The next thing I know we are sitting down with this guy in his
shop and some little kid appears out of the woodwork with a silver
tray filled with tea fixin's. This guy is off and running about
who knows what and Mom is right there with him. They are talking
so fast it makes my head spin. Then after a few glasses of tea
we begin eying blankets and carpets that we like. The game is
suddenly on. The fox and the hound are at it again. Our guy names
us a price on a few blankets and then steps out for a few minutes
to let us talk about it. Mom tells me not to show any interest
in the blanket that I really want because then the price will
double.
Instead she says to pretend to like the
ugly one and then get him to name an inflated price on the ugly
one and a more reasonable price on the one that I secretly like.
When our guy returns I ask about the ugly blanket. Sure enough
it is twice as much as the one that I am interested in. This sort
of thing goes on for about forty-five minutes. Back and forth.
Finally we arrive on a price for three blankets that we liked.
The merchant assured us that were getting "the price of the
brother." Once you arrive at a price that is agreeable for
both parties the deal is considered sealed and it is considered
rude not to finalize the transaction at this point. So we end
up buying three blankets for 900 Dhs ($90). As we walk away Mom
expresses her ambivalence about our purchase, "For all I
know these blankets could be worth five dollars. But they are
worth at least $90 to me so I am happy!" What a great way
to think about it. We were to later find out from one of the Peace
Corps Small Business volunteers that we had actually gotten
the "price of the brother" just like our merchant said.

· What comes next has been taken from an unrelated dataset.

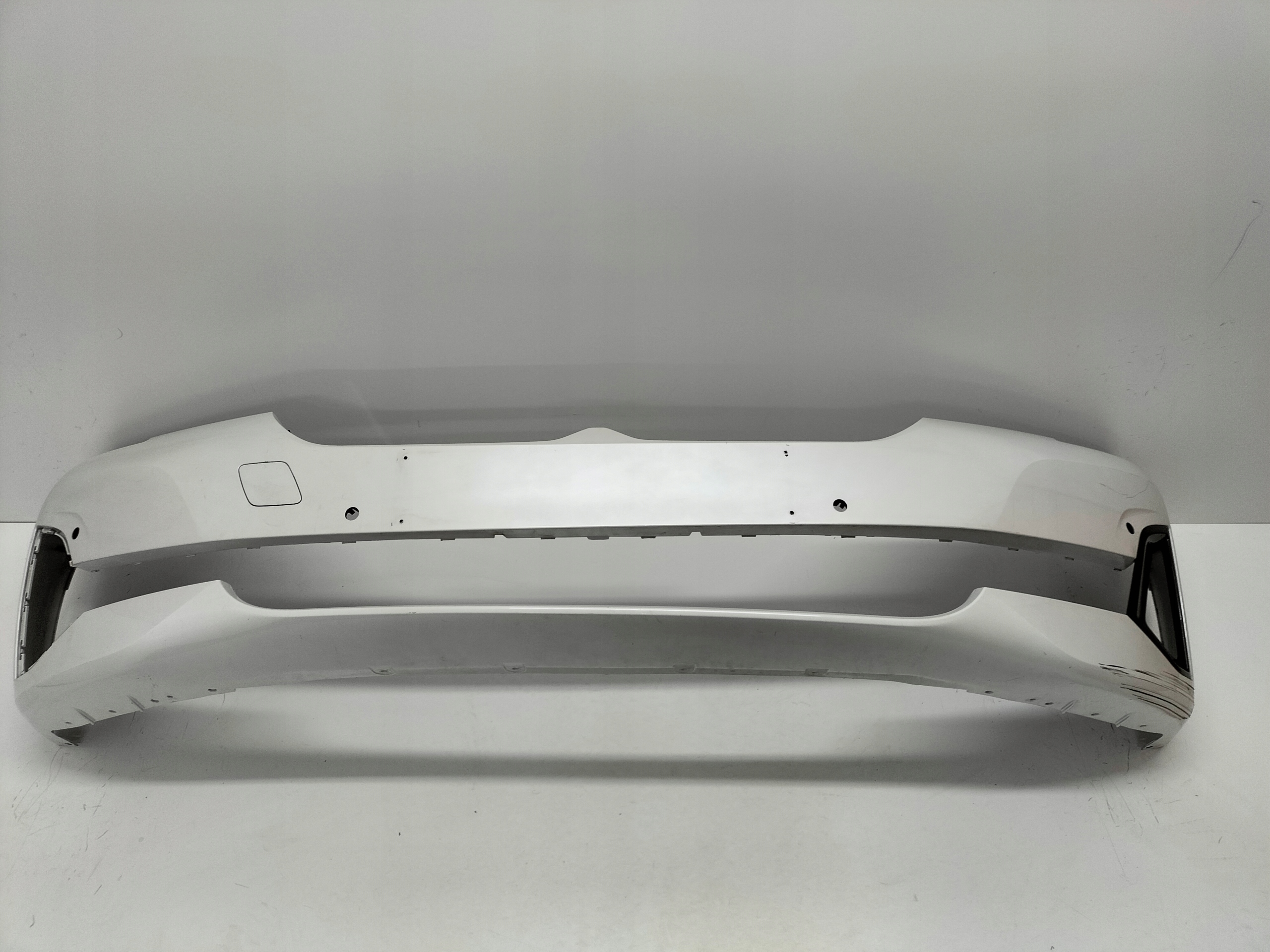 Frontstoßstange vorne BMW 5 G30 G31 LIFT 20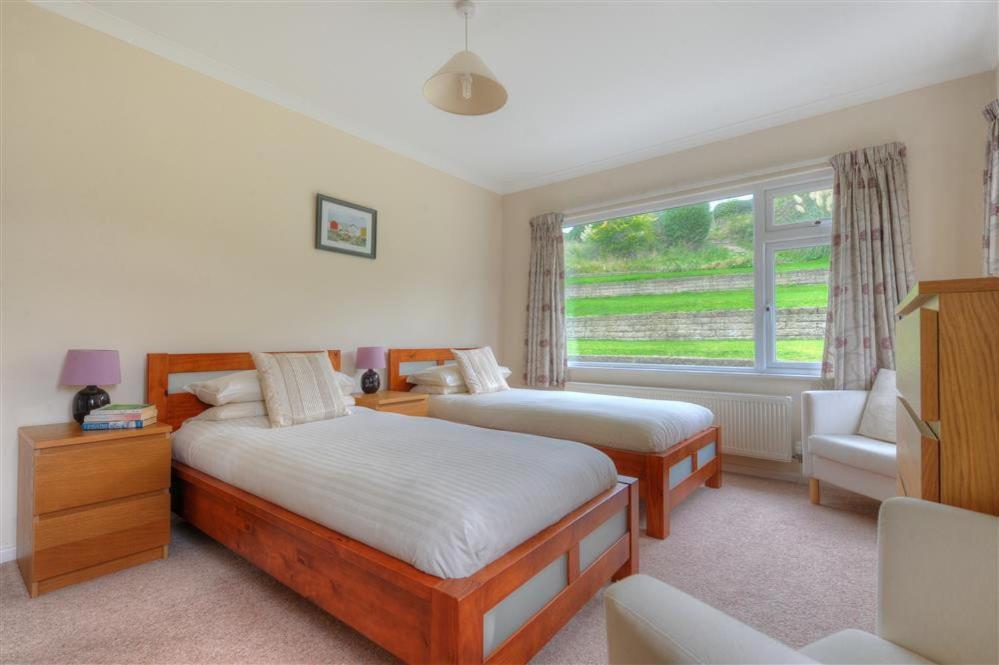 Strathaven Villa Uplyme Екстериор снимка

A fair price is around 300 Dhs/square meter of fabric and we were
a little under that. Not too bad.
I am amazed at what Becky has done. A full out screaming argument with our cabby in addition to driving a hard bargain with a battle hardened carpet merchant! Is this the same woman that raised my brother and I?
That night we met up with one of Becky's Peace Corps friends and went to dinner on the plaza: Omar #18. She was a nice blonde girl named Gabby and she is fluent in both Tashelhait and Dereeja. Needless to say she was a hit with everyone at dinner. Again I was amazed at how friendly the people are here. It's like nothing I have ever seen. It was at dinner that I realized how interesting and amazing the next two weeks were going to be. After a long day I put myself to sleep with a little melatonin and woke up the next day free from jet lag!